* _The data_
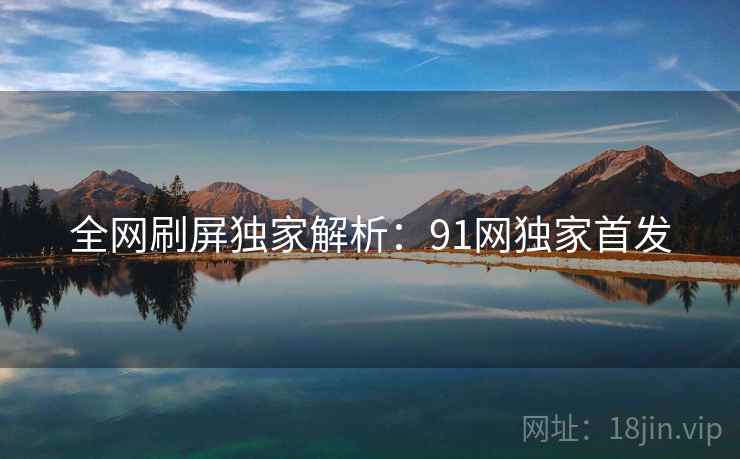 全网刷屏独家解析：91网独家首发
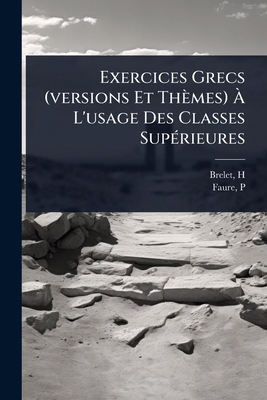 Exercices Grecs (versions Et Thèmes) Ã L'... [French] 1024474143 Book Cover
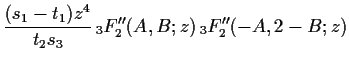 $\displaystyle \frac{(s_1-t_1) z^4}{t_2 s_3}\, {}_3 F_2 ''(A,B;z)\, {}_3 F_2 ''(-A,2-B;z)$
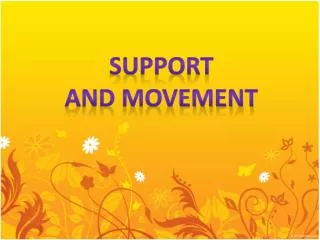 SUPPORT AND MOVEMENT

* _Problem requirements_
All lines of the material above should be returned unchanged, but no pictures should be included.

* _Task result_
 全网刷屏独家解析：91网独家首发
 Exercices Grecs (versions Et Thèmes) Ã L'... [French] 1024474143 Book Cover
 $\displaystyle \frac{(s_1-t_1) z^4}{t_2 s_3}\, {}_3 F_2 ''(A,B;z)\, {}_3 F_2 ''(-A,2-B;z)$
 SUPPORT AND MOVEMENT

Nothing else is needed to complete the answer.